Russia supplies Europe with much of its crude oil and natural gas, yet suddenly the EU has announced it plans to gradually reduce it’s energy imports from Russia by about two thirds. Europe currently gets 30 percent of it’s oil and 40 percent of its natural gas from Russia.

This means Europe will have to get its energy and fuel elsewhere, either within its own borders or from the US or the Middle East. It’s a precarious position for the continent.

Scrambling for a solution, German finance minister Christian Lindner suggested recently that Germany reconsider its ban on new oil and gas drilling in the North Sea in order reduce reliance on Russia. “Against the changed geopolitical background, I think it is advisable to examine the entire energy strategy of our country without any prohibitions on thinking,” Lindner told the Tagesspiegel newspaper. 

Recently Germany has returned to coal as the main electricity source, topping wind. And this comes after the country had planned to shut down 84 of it’s coal fired power plants. Yet, estimates suggest the country will see an increase of 7.7 percent in hard coal imports by the end of the year. 

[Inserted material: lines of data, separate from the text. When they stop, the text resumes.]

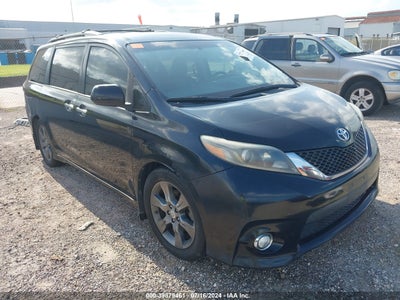 TOYOTA SIENNA 2016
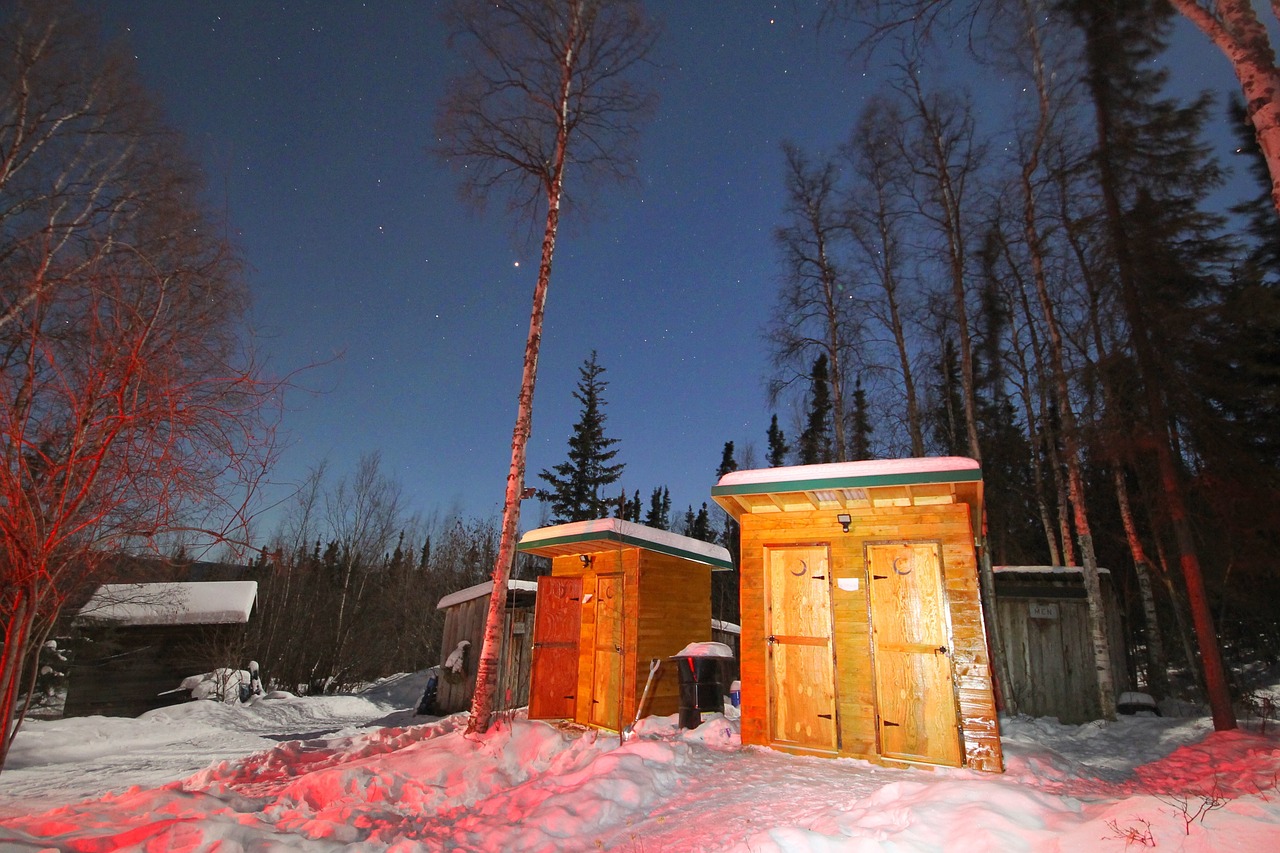 night outhouse snow free photo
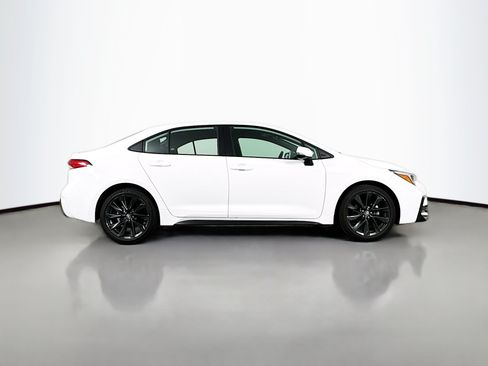 Certified 2025 Toyota Corolla SE FWD image 8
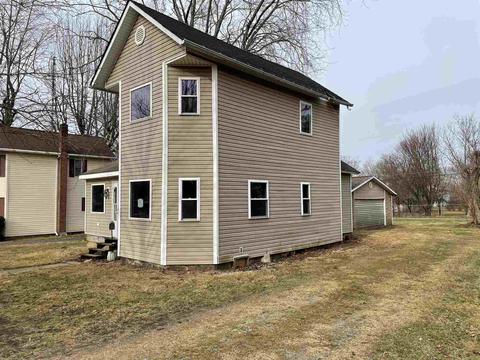 523 E Spring St, Lagrange, IN 46761 photo 2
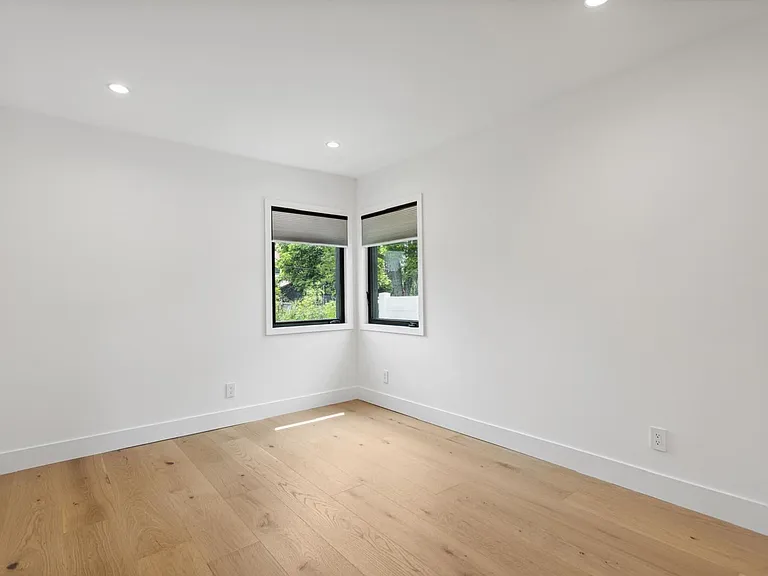 5713 Ranchito Ave — Photo 19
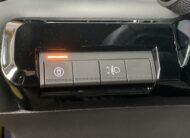 R5 ICONIC CINQ 100% ELECTRICO 150CV AUTONOMIA CONFORT (412KM AUTONOMIA) + PACK SAFETY & EASY DRIVE + HARMAN KARDON + CARGADOR BIDIRECCIONAL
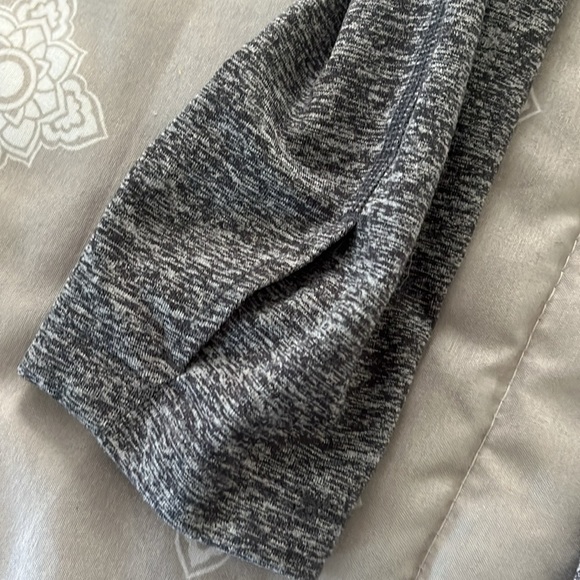 NIKE Running - Dri Fit 1/4 Zip Gray Running Top - Size M Like New Condition - Picture 3 of 7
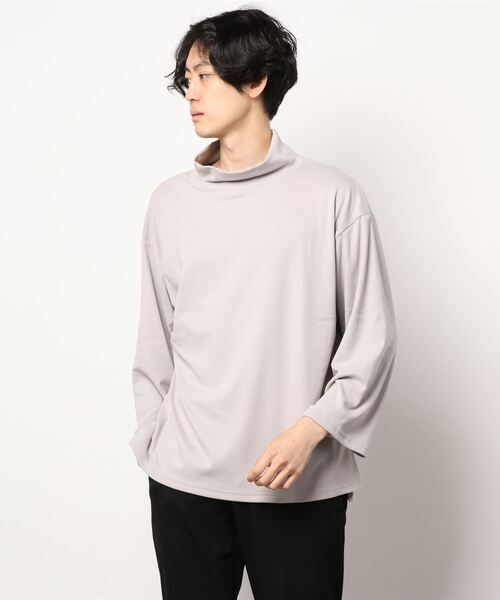 CERCA（チェルカ）の「RS/モックネック　スムースTシャツ（Tシャツ/カットソー・メンズ・ライトグレー/モカ/ブラック・MEDIUM/LARGE）」の9枚目の写真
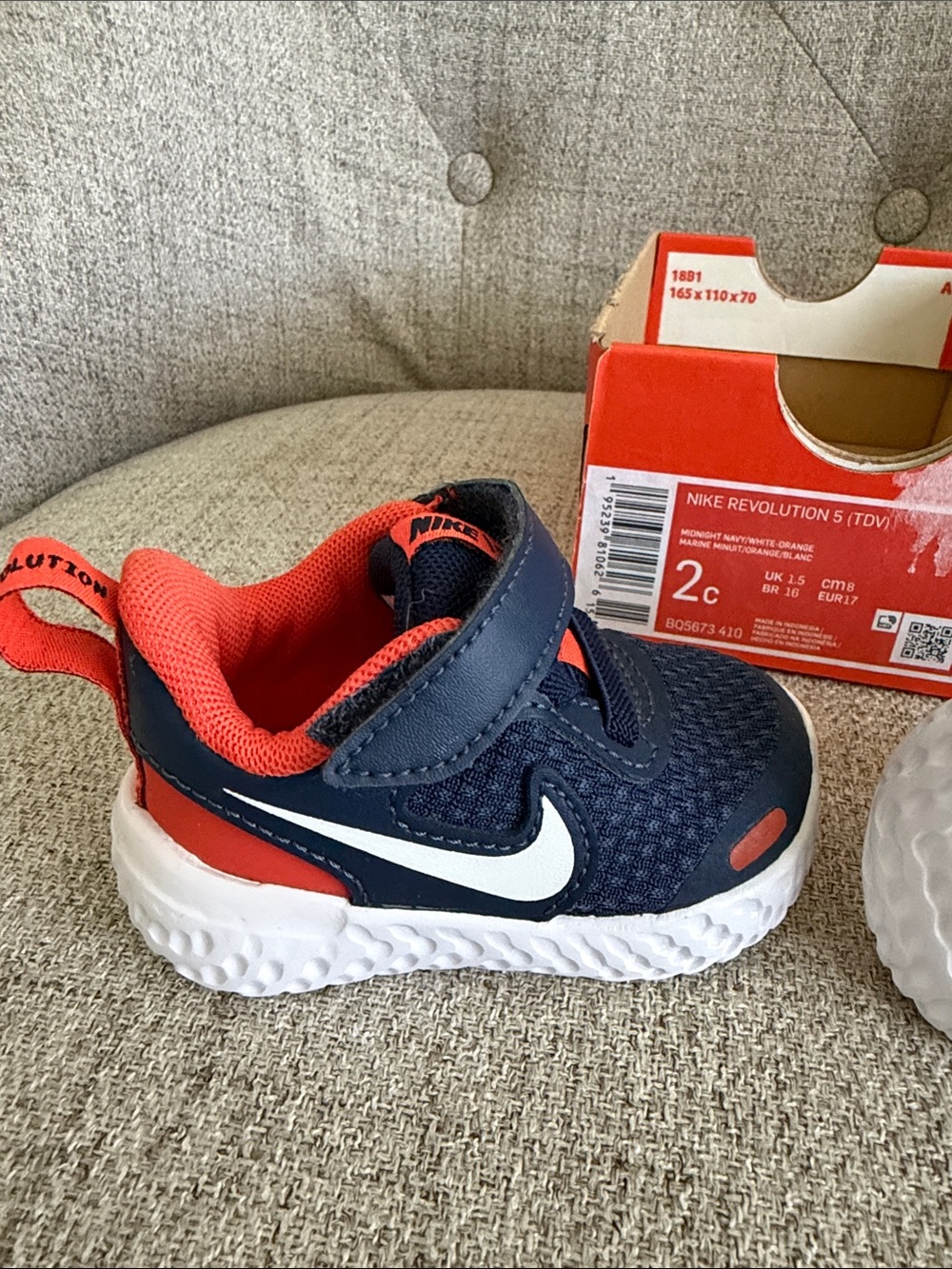 Nike Kids Navy & Coral Lightweight Hook-and-Loop Sneaker White Swoosh size 2C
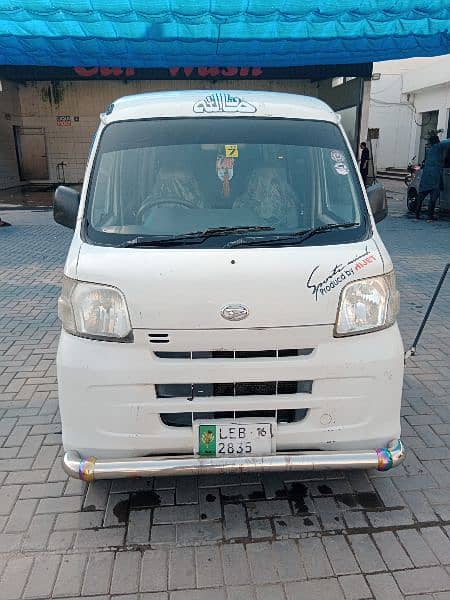 Daihatsu Hijet 2016 1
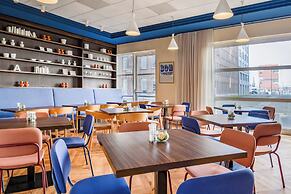Holiday Inn Express Antwerp City-North by IHG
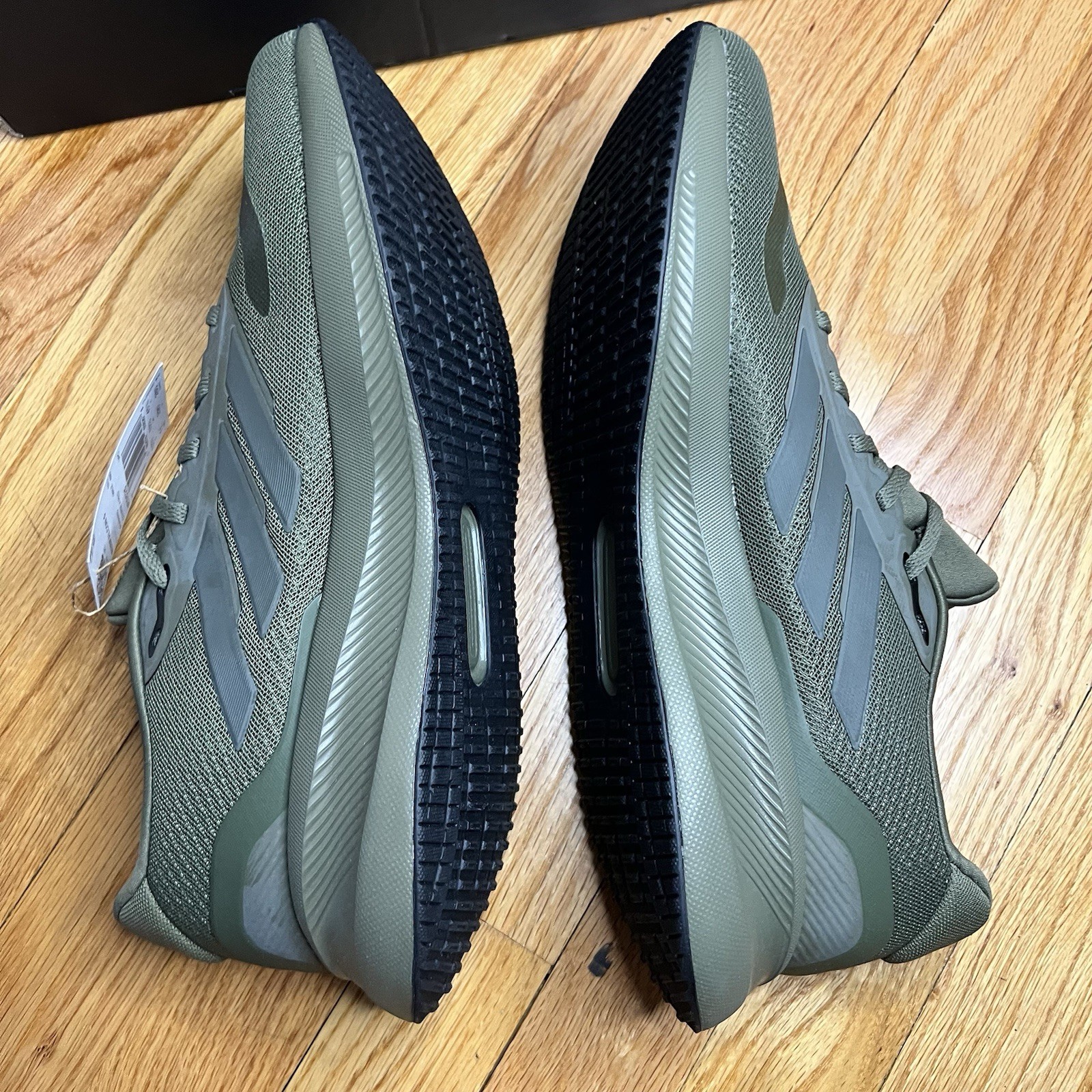 Adidas run falcon 5 IE0525 Size 11M image 3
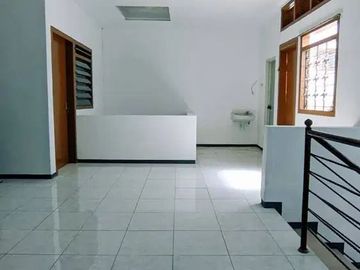 Rumah 2 Lantai Luas 110 di Borobudur Sukarno Hatta Suhat Malang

And when it comes to America, here is a concise quote which sums up the situation:

“The technology to supply America with the energy it needs doesn’t exist in the green energy world yet. Well sure you can have instrumental incremental increases in solar and wind battery technology breakthroughs but right now they’re not there,” said Phill Flynn, a senior energy analyst at the Price Futures Group and the author of The Energy Report. 

Until renewables can contribute substantially to total output and stay reliable in all weather and market conditions, strategists see a continued reliance on fossil fuels in the global economy even through 2050.

In the U.S., an important metric for understanding how much oil production is on the calendar for years ahead is to look at the rig count. Crude oil rigs in the U.S. increased to 527 last week (the week ending March 11), up from 519 the previous week. This is the highest number of oil rigs in operation since March 2020, when the government shutdowns slammed markets. 

Despite producers’ apprehension at throwing capital into new drilling and contracts, oil production is ramping up. The concern which has kept oil production somewhat lower over the past year is due to federal regulatory uncertainty. If a producer thinks there is a likelihood of a project being shut down after production starts, it tends to hold off until more certainty is added to the situation. 

One example is the keystone pipeline, which was shut down after years of expense and labor, leaving a massive supply of domestic oil unable to reach markets and households. 

This uncertainty may be on the decline, as geopolitical threats and skyrocketing fuel prices may force the U.S. to ramp up oil production over the long term, despite the goal of ‘net zero carbon emissions’. 

So prices will continue to rise with demand and increased production.